Pay attention to the movements in clothing lines when creating branded merchandise.
These nostalgic graphic hoodies are popular at Stafford Speedway. Athletic apparel is also a trendy item. Tasteful apparel with stylish artwork is essential.
-Are you surveying the lines for food, tickets, and traffic?
The new generation of sports fans are finicky. They do not like waiting or standing around. Note the wait times and constantly seek methods to improve. For example, New Hampshire Motor Speedway has designated employees on-foot selling event tickets before the entrance which allows patrons to avoid ticket booth lines.
-Are there at least two prestigious racing events?
There should be highlighted items on the schedule without conflicts with town/state/regional events and nearby racing facilities. (We’ll save the essentials of creating a prestigious event for another blog)
-Do fans have the ability to see the race teams and cars up close?
There has to be availability for the fans (especially young fans) to get close up views of the cars and stars they are witnessing. This could be in the form of a pit exhibit or extended access to the pit area. Some speedways have created a “no trailer move rule” which prohibits teams from loading up their haulers and leaving the pit area for a determined amount of time after the final feature event.
-Is there plenty of colorful flowers, shrubbery, and local plant life in view?

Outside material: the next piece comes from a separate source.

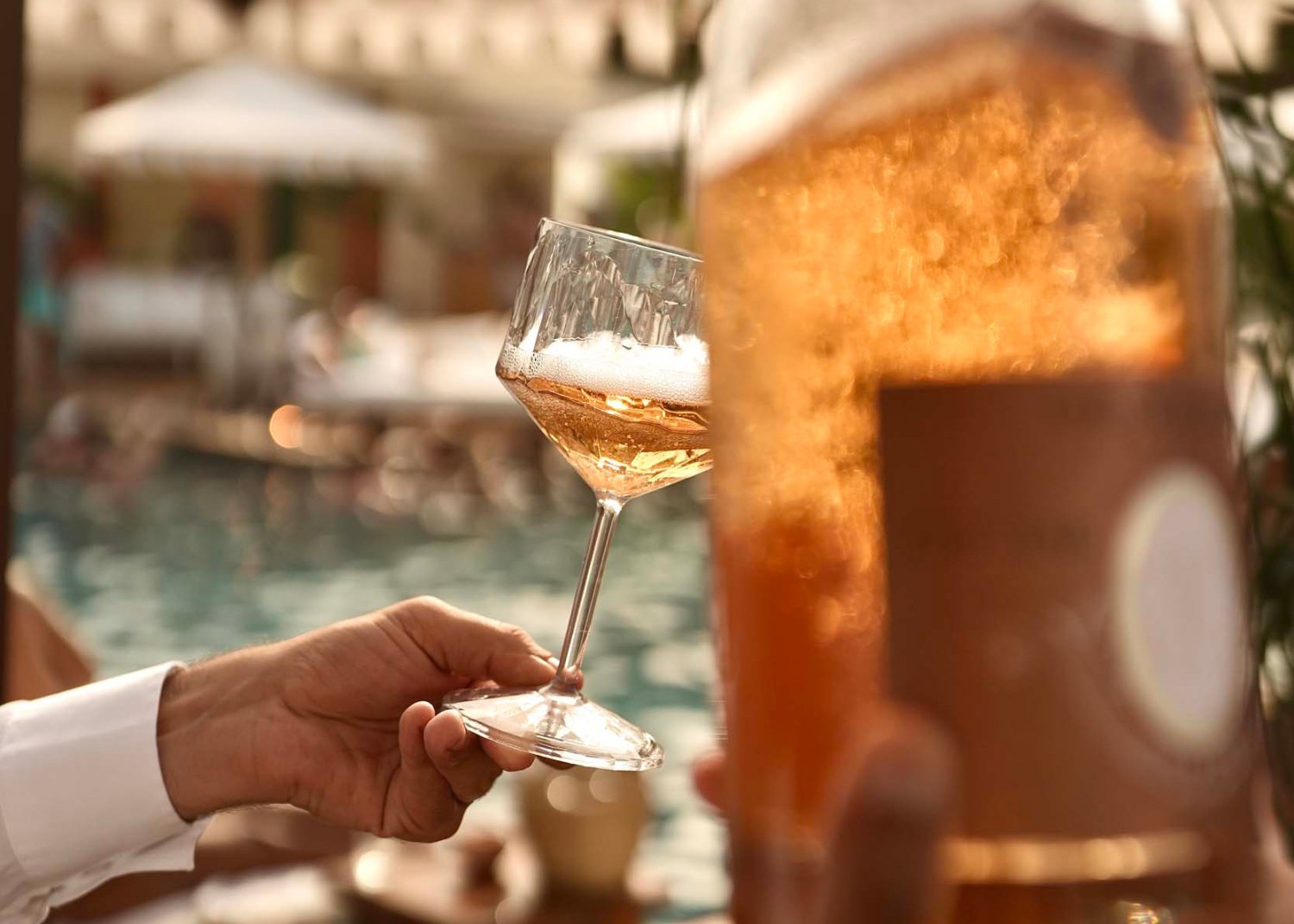 A person holding a glass of sparkling wine with a bottle held at the front of the frame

I know it’s a race track but colorful plant life adds charm to a venue. Local plant life example: If you have a speedway in Florida (the #2 most popular tourist state) and don’t have an aligned row of palm trees down the backstretch or through the turns then you’re not creating an enticing visual stage for your visiting guests.
Homestea-Miami Speedway features their local plant life down the entire back straightaway.
-Are there any large structures that instantly identifies the racetrack?
Photogenic architecture creates distinction between any sports stadium.
Circuit of the Americas in Austin, TX knows photogenic and distinctive architecture.
-If the track has infield grass is it full, bright, and healthy?
Ever walk into a professional baseball stadium? The bright, well-cared for grounds create a spectacular view. There’s a reason why so many people photograph themselves with their backs to the ball field.
Lucas Oil Speedway has the elegant appearance similar to a baseball field. They obviously spend a lot of effort in grooming their grounds.
-Is there a consistent theme of colors surrounding the facility?
More examples from stick and ball sports: Professional ball fields typically have a 2-3 color theme surrounding the stadium (usually coincides with the team colors). Whenever a photo is taken on team grounds their location is instantly recognized by the viewers. Look at any photo taken at Boston’s Fenway Park and you’ll identify the iconic green and red color theme.
The beauty of Fenway Park. How could anybody mistake the green and red for any other venue?
-Is the speedway hot rod and motorcycle friendly?
Embrace the people who love fast and loud. Many speedways have dusty, bumpy, and cramped parking arrangements. Visitors who have motorcycles or dazzling hot rods have no interest in showing up and risking possible damage to their prized vehicles. Smoothly paved entrance driveways and spacious VIP areas should be available. Owners of these vehicles should be guided to the reserved areas that are supervised during race night.
-Does your premiere division have a powerful and theatrical feel?
Some sure ways to get the crowd pumped up for a main event is to play upbeat music. Pyrotechnics and theatrical lights are other dramatic effects.
-Is there a colorful announcer on hand?
Since announcers are guiding the show they must have the ability to increase fan enthusiasm. They should be professional, educational, and give explanations that brand new racing attendees can understand. Driver introductions should answer: Who is the driver? Where are they from? Why should I care?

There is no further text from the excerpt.